Religion Magazine

Great Discussions of the Biblioblogs -- Another Request

By Goodacre
I was delighted by the response to my post Blogging Mark - Input Requested Please.  The comments there have very much helped me to think through my paper on Mark in the digital age for the SBL International coming up soon in St Andrews.

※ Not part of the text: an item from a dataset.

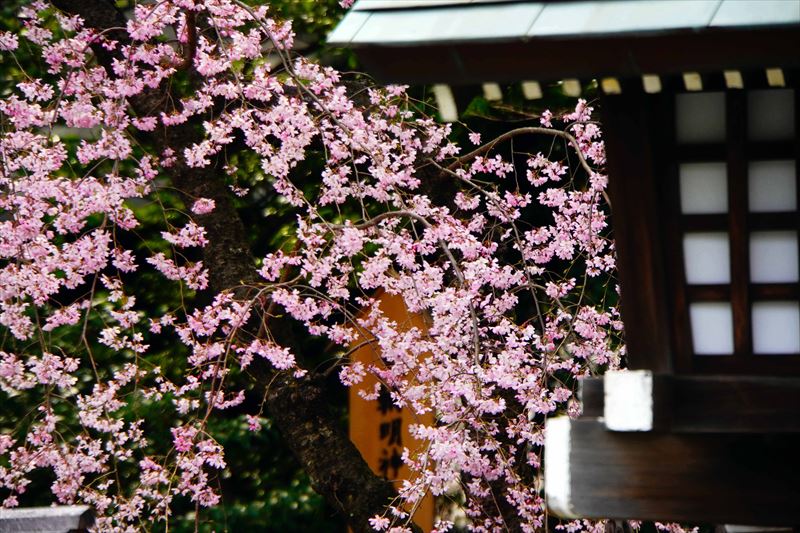 1061_伊勢山皇大神宮_神奈川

In writing that paper, I am footnoting some good, round-up discussions of the blogs and blogging in our area, and I am keen to get some links in to a range of good discussions, and not just repeating my own boring stuff.  What I am thinking of are those posts that reflect critically on the successes and failures of the biblioblogging phenomenon over the last decade or so.  My footnote currently reads (and please excuse the ugly formatting because it's pasted from a horrible old MS Word document):
For reflections on the history and development of blogs in this area, see especially James R. Davila, Assimilated to the Blogosphere: Blogging Ancient Judaism, SBL Forum , April 2005, http://sbl-site.org/Article.aspx?ArticleID=390; “Enter the Bibliobloggers,” University of St Andrews School of Divinity Website, November 2005, http://www.st-andrews.ac.uk/divinity/rt/otp/abstracts/enterthebibliobloggers/, and “What Just Happened: The rise of biblioblogging in the first decadeof the twenty-first century”, 2010 Annual Meeting of the Society of Biblical Literature in Atlanta, http://paleojudaica.blogspot.co.uk/2010_11_14_archive.html#1715486029034288246.  See also Mark Goodacre, “Pods, blogs and other time-wasters,” NT Blog, 17 November 2011, http://ntweblog.blogspot.com/2011/11/pods-blogs-and-other-time-wasters.html.
In other words, at this point, it's just Jim and me.  What other nice round-up reflective posts on the biblioblogging phenomenon should I add?  Thanks for your help.  This is a great example of the communal internet and the joys of horizontal blogging!